Of ORCs and OWLs: The Online Reading Comprehension Lab Is Born

By Francesco Crocco

Online Writing Labs (OWLs) have been a standard feature of the online learning community for many decades now. Purdue University launched the first OWL back in 1994 during the early days of the internet, before Google, Yahoo!, and Amazon were even a thing. Since then, many more OWLs have taken flight. The Excelsior OWL stands out for its emphasis on multimedia and interactive technology. Nonetheless, an OWL is still an OWL, even if it sports an impressive panoply of twenty-first-century technology and an array of national awards, which the Excelsior OWL does, ahem.

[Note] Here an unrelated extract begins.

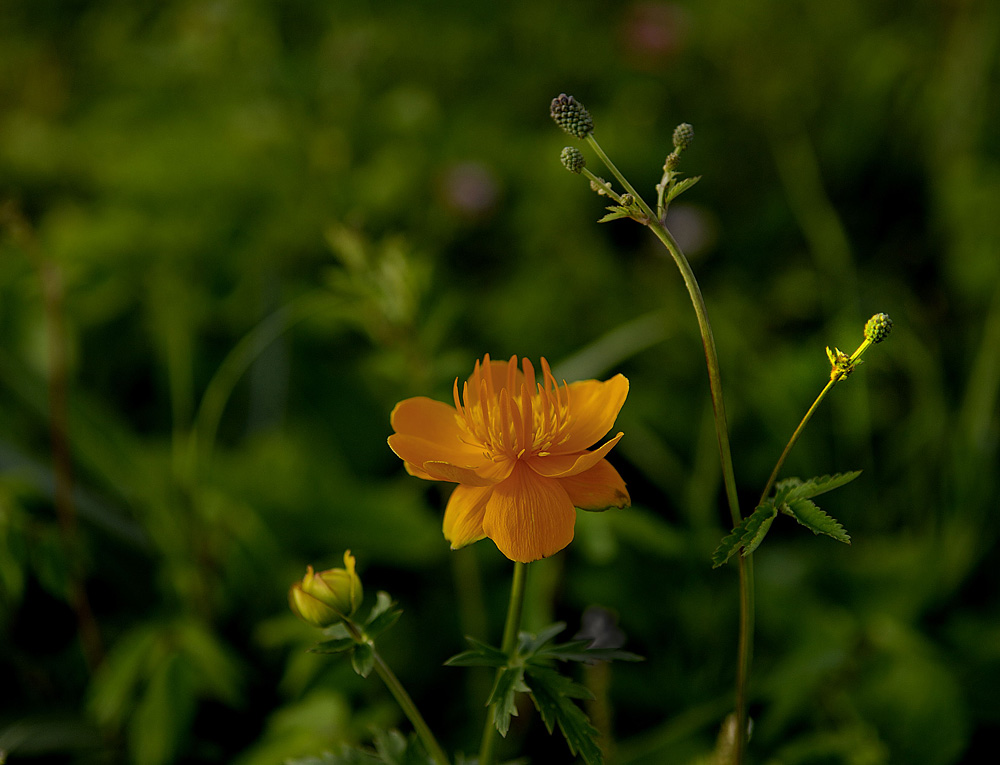 花一组
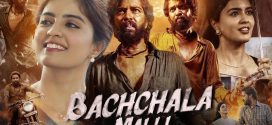Bachchala Malli 2025 Hindi Dubbed Movie ORG 720p WEB-DL 1Click Download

Today, however, Excelsior University has made history with the launch of its new Online Reading Comprehension Lab. We call it the ORC for short. The ORC is the first completely free, open, online, comprehensive resource for college-level reading. And we think you’ll like it. A lot.

The ORC was created with funding from a five million dollar U.S. Department of Education First in the World grant received by Excelsior and several partner colleges to develop an open, online student assessment tool—the Diagnostic Assessment and Achievement of College Skills, or DAACS for short. The ORC provides free, online remediation for students who struggle with the reading assessment portion. According to a report by the American Institutes for Research, 77% of two-year college students and 63% of four-year college students are less than proficient in prose literacy. The ORC fills a major gap in the online learning community by offering much-needed reading support for this student population.

Developed by a team of content experts and experienced instructional designers from Excelsior University, SUNY Onondaga, SUNY Monroe, and the technology firm, Tec-Masters, the ORC offers three robust sections that break down the reading process into what to do before, during, and after reading. These sections are further broken down into nine units with a combined total of twenty-seven interactive modules. In addition to all this content, the ORC also offers a substantive Introduction with pages that explain the difference between active and passive reading, the importance of literacy narratives, and the different types of common reading systems available to students looking to improve their reading comprehension. Let’s take a closer look at what the ORC has to offer.

The What to Do Before Reading section offers units on Previewing and Questioning. The Previewing unit covers a variety of strategies for how and why to preview a text before reading it. Meanwhile, the Questioning unit covers how to monitor your understanding of a text by asking questions before, during, and after reading.

The What to Do While Reading section includes units on Annotating, Inferencing, and Vocabulary Strategies. The Annotating unit explains the importance of reading actively by annotating as you read; it’s broken up into several modules that cover how to create an annotation system and how to annotate different kinds of texts, such as textbooks, journals, essays, works of fiction, and visual aids. The Inferencing unit explains how to read between the lines to identify ideas that are implied rather than stated explicitly. As expected, the Vocabulary Strategies unit offers several modules for improving one’s reading vocabulary, such as how to use context clues and word parts to identify the meaning of new vocabulary items, how to understand specialized terminology and interpret figurative language, and how to create KIM charts, word webs, and vocabulary flashcards.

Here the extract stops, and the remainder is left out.